- [Your goal]:
Retype only what runs from the line with "Фото: Анастасия Илюшина / ЛенТВ24" through the end of the entries, exactly and in full, but omit any picture you find.
Source data: Begin
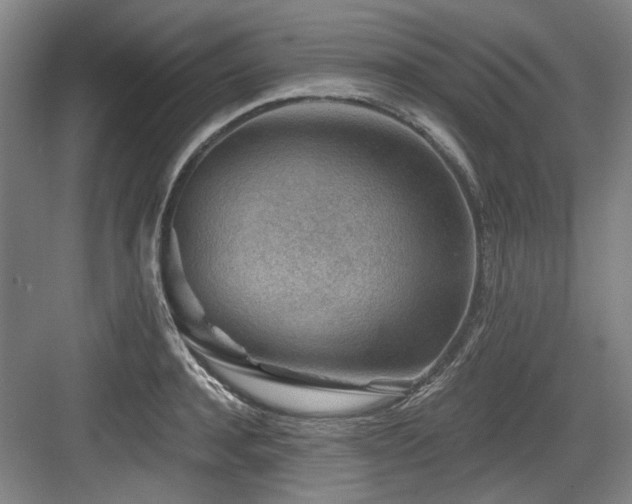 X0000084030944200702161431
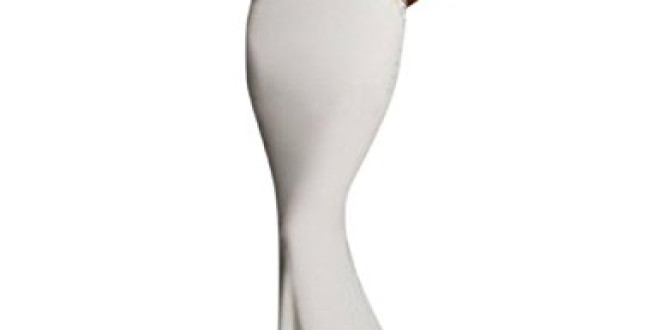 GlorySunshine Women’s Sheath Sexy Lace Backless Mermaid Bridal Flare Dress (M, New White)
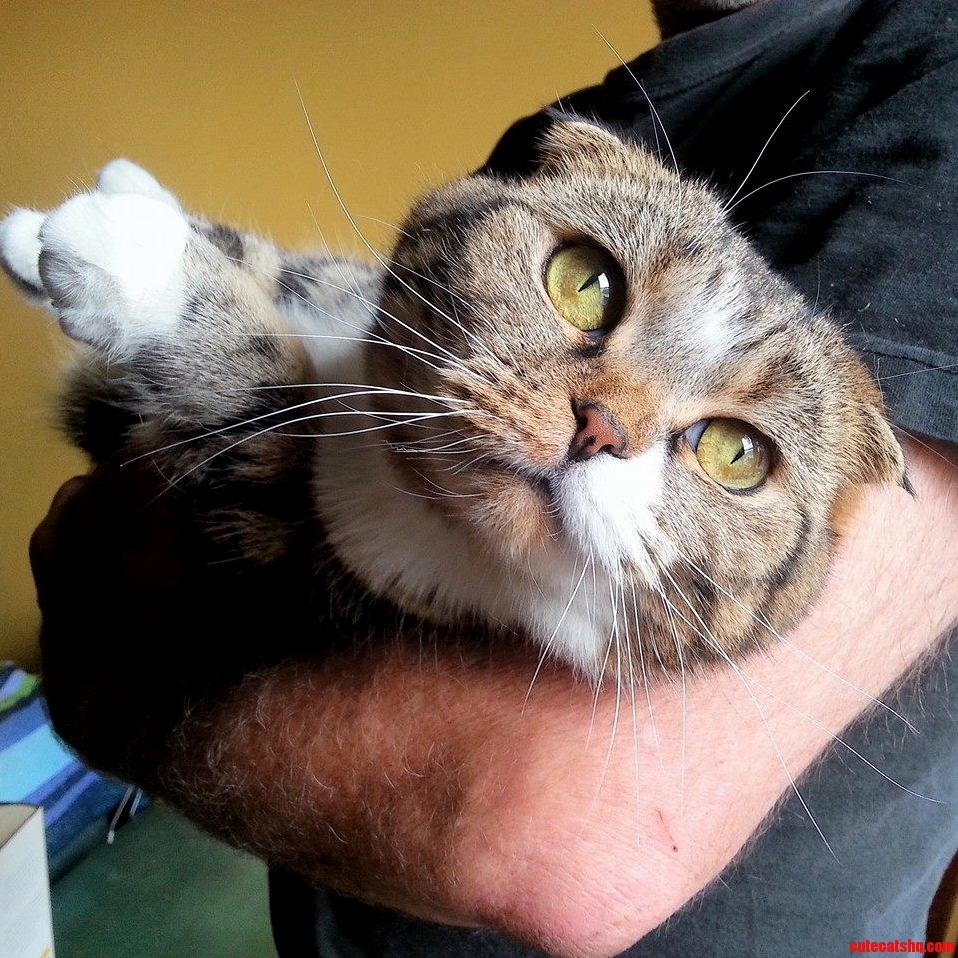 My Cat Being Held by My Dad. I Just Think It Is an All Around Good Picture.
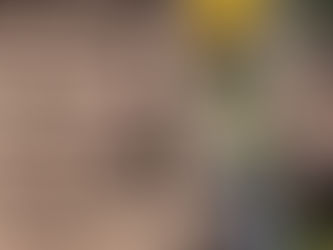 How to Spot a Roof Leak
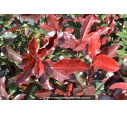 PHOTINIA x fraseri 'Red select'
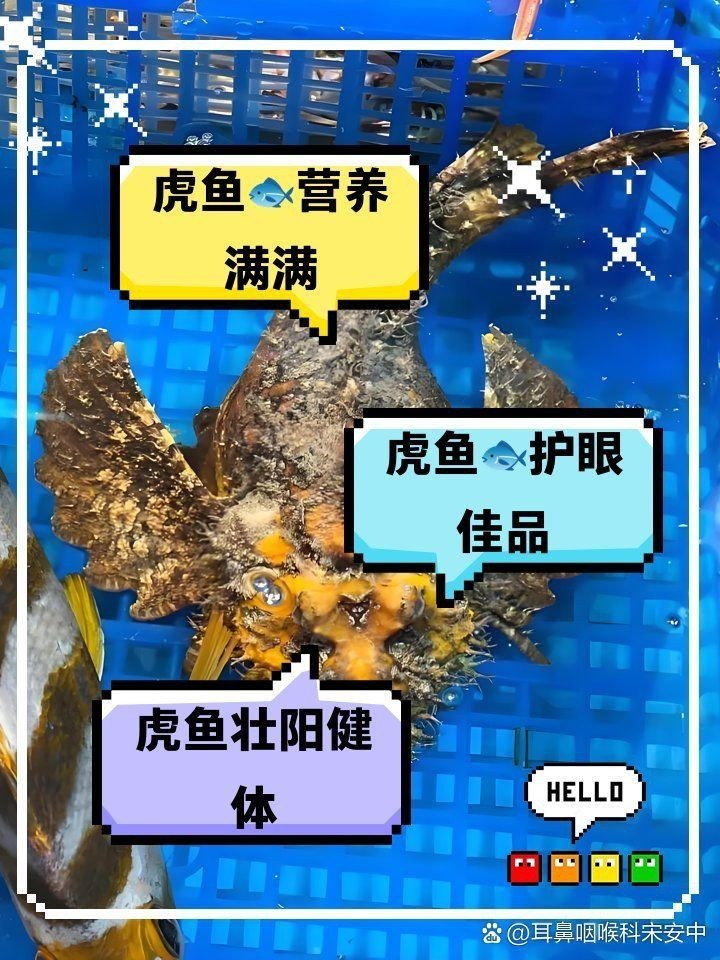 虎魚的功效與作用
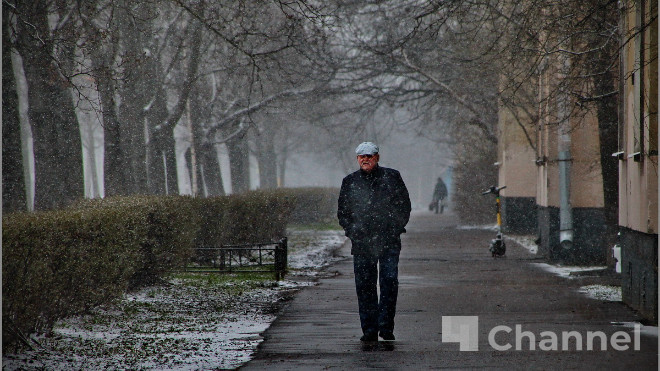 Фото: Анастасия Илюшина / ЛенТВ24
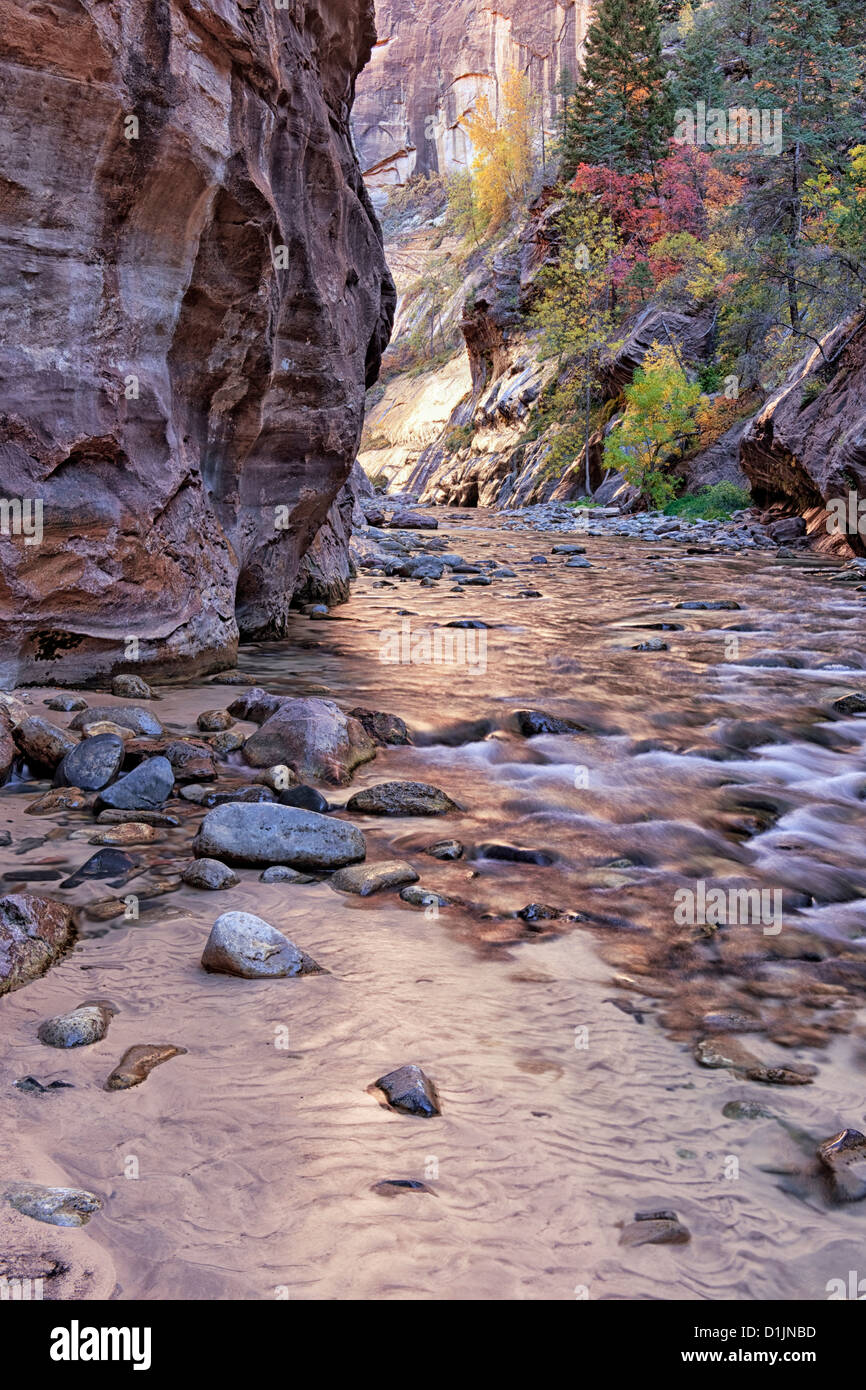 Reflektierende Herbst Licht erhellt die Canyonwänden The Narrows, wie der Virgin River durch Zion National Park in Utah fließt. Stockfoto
Source data: End
- [Exercise response]:
 Фото: Анастасия Илюшина / ЛенТВ24
 Reflektierende Herbst Licht erhellt die Canyonwänden The Narrows, wie der Virgin River durch Zion National Park in Utah fließt. Stockfoto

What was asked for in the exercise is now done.